TASK: Quote only the span from the first line of the entries to the line containing "a group of tables", both ends kept. Leave every picture out.

PROVIDED RECORDS:
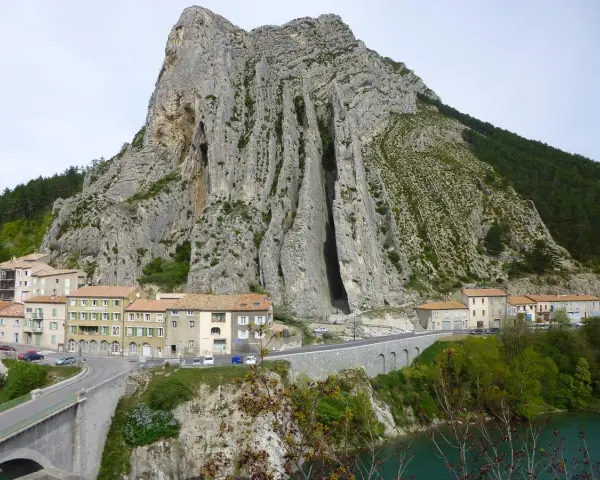 Imponerande klippformation vid Route Napoléon. En by klättrar uppför bergssluttningen, med en bro och en turkos flod nedanför.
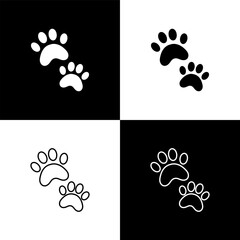 Fototapeta na wymiar Set Paw print icon isolated on black and white background. Dog or cat paw print. Animal track. Vector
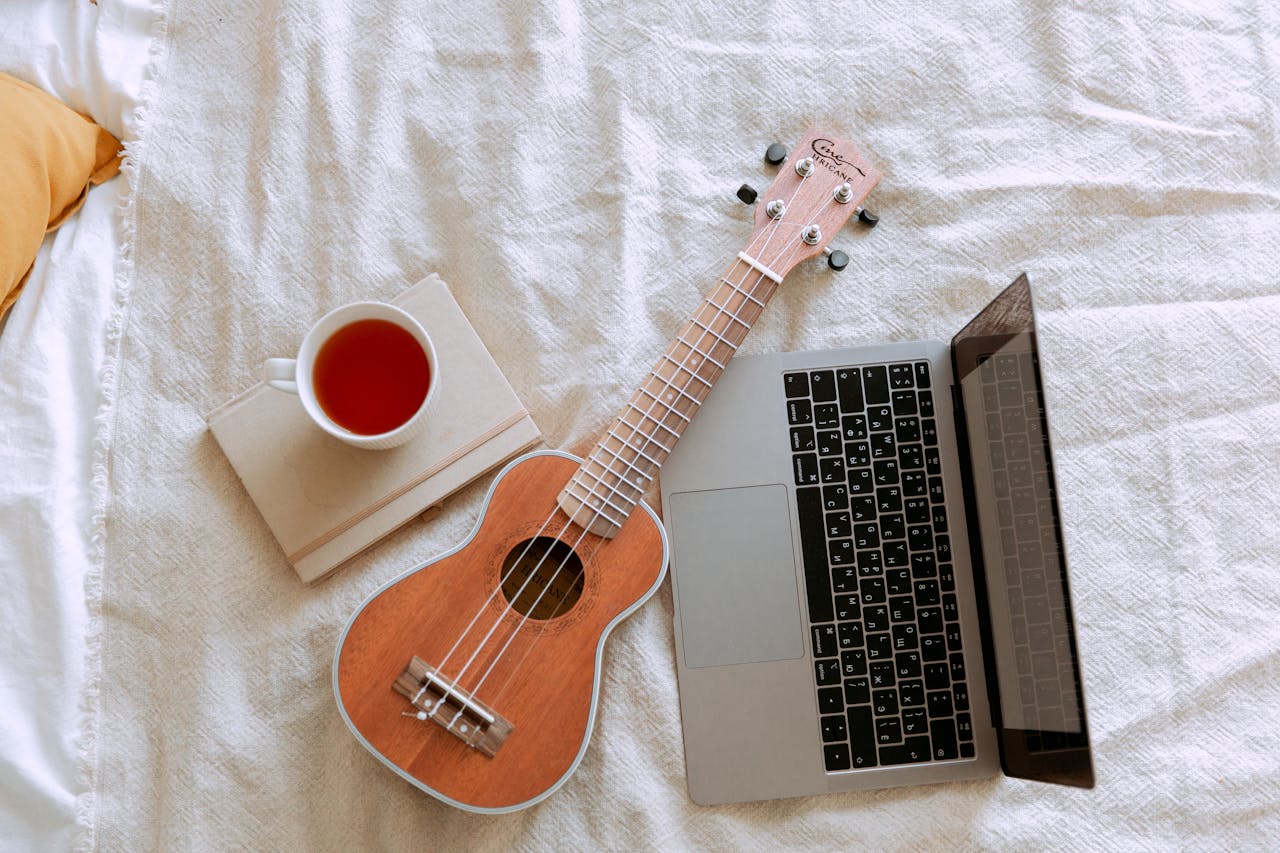 who-we-are A cozy composition featuring a ukulele, laptop, and cup of tea on a bed for a relaxing indoor ambiance.
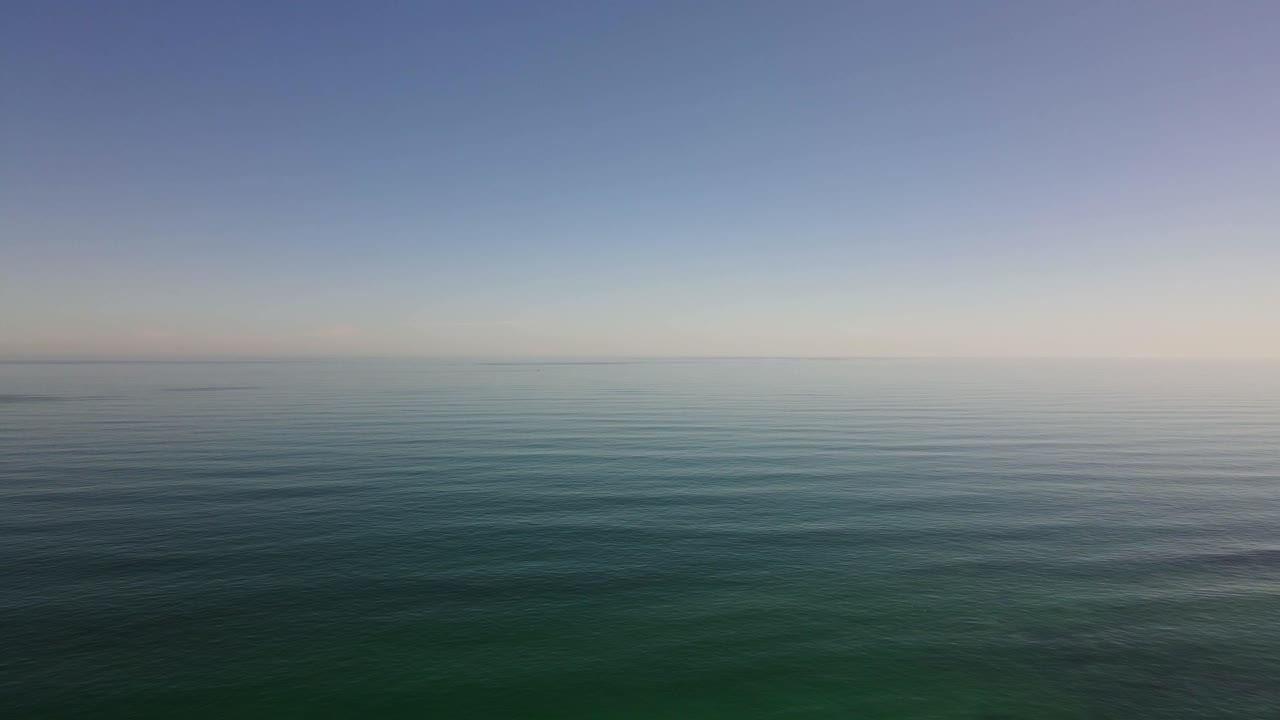 아무것도 보이지 않는 넓은 바다 위로 높이 날아가는 드론 샷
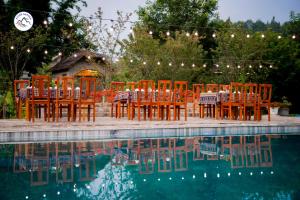 a group of tables and chairs next to a pool at Stone Garden Resort & Spa in Sa Pa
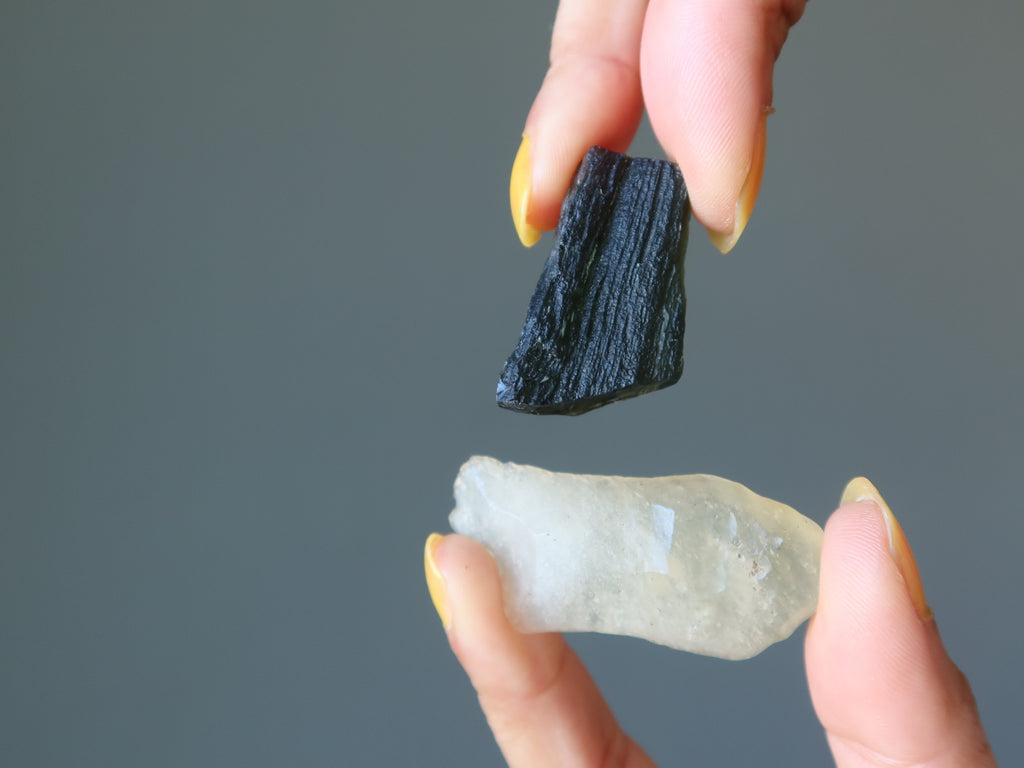 hands holding moldavite and libyan desert glass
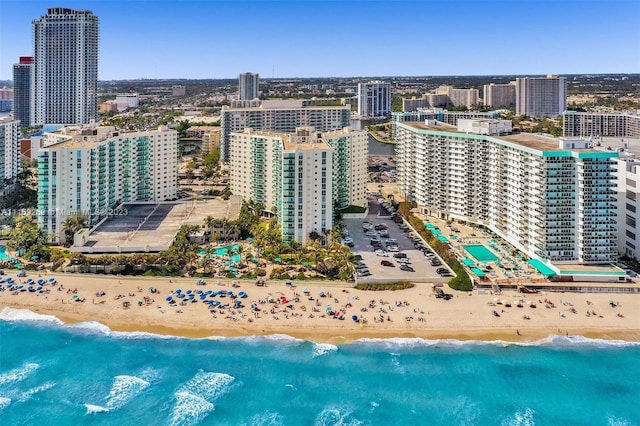 aerial view with a water view and a beach view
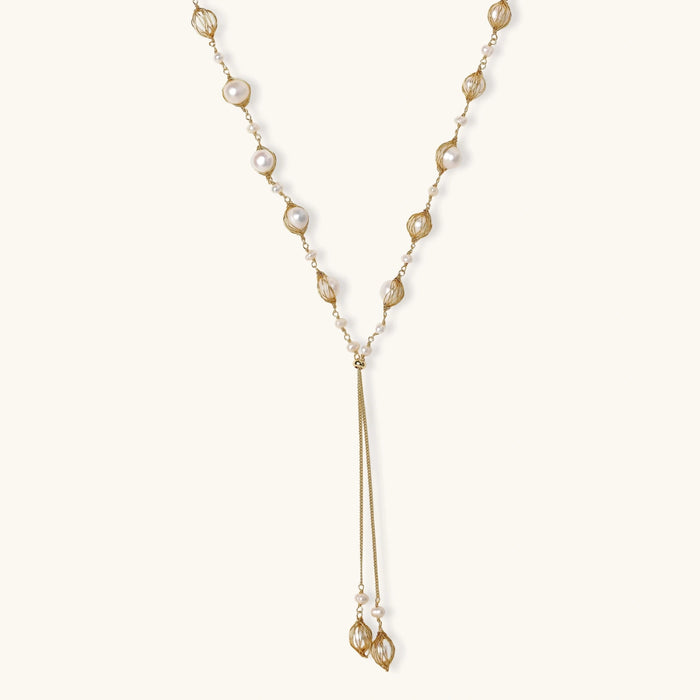 Adjustable gold lariat necklace with freshwater pearls nested in delicate cage settings and Y-shaped tassel drop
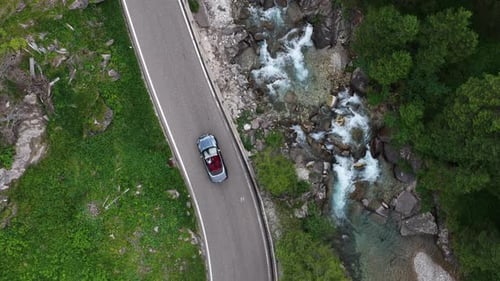 Car Travels Along Scenic Mountain Road by a Stream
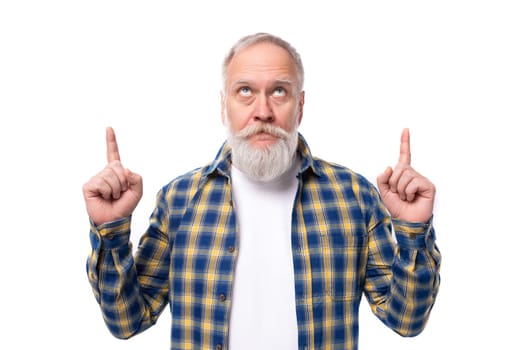 handsome 50s elderly gray-haired man with beard showing thumbs up on white background.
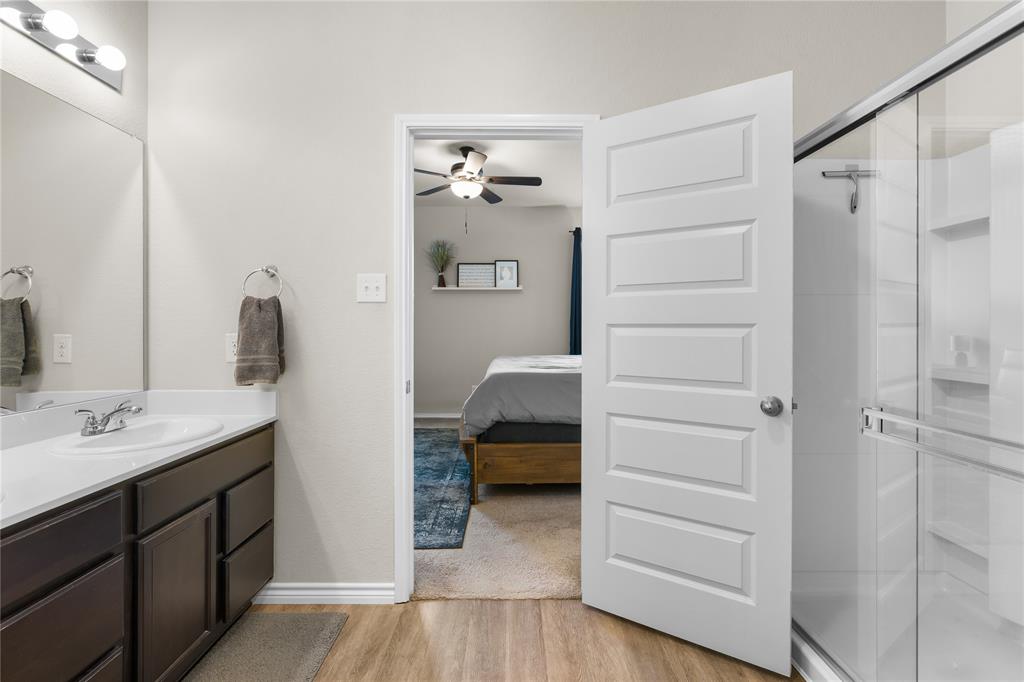 1061 Stanridge Lane Van Alstyne, TX 75495 - Photo 26 of 37 a bedroom with a bed and a mirror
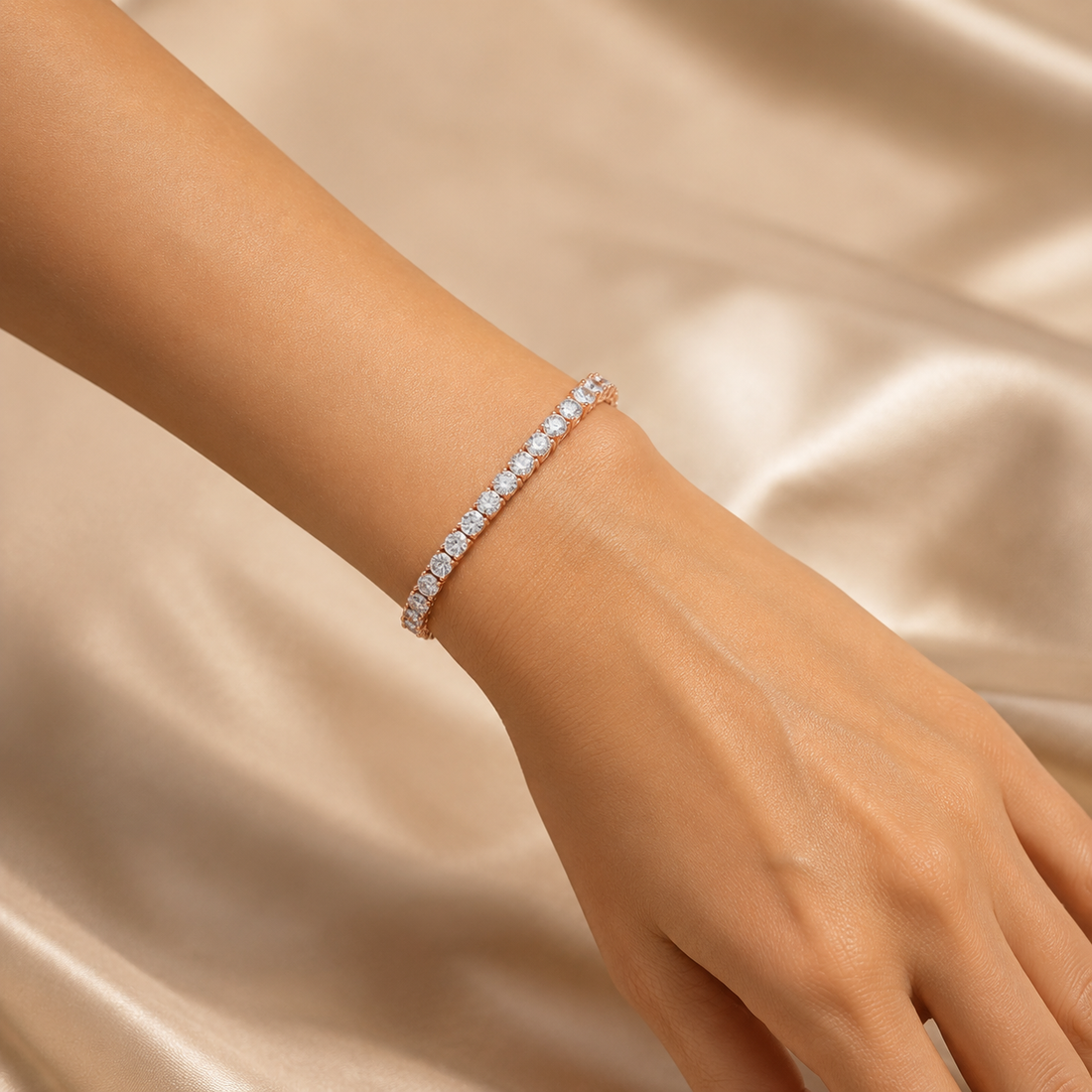 A close-up of a delicate tennis bracelet with clear round-cut stones set in a silver-toned metal, worn on a woman's wrist against a soft beige satin fabric background.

ANSWER BOX:
 Imponerande klippformation vid Route Napoléon. En by klättrar uppför bergssluttningen, med en bro och en turkos flod nedanför.
 Fototapeta na wymiar Set Paw print icon isolated on black and white background. Dog or cat paw print. Animal track. Vector
 who-we-are A cozy composition featuring a ukulele, laptop, and cup of tea on a bed for a relaxing indoor ambiance.
 아무것도 보이지 않는 넓은 바다 위로 높이 날아가는 드론 샷
 a group of tables and chairs next to a pool at Stone Garden Resort & Spa in Sa Pa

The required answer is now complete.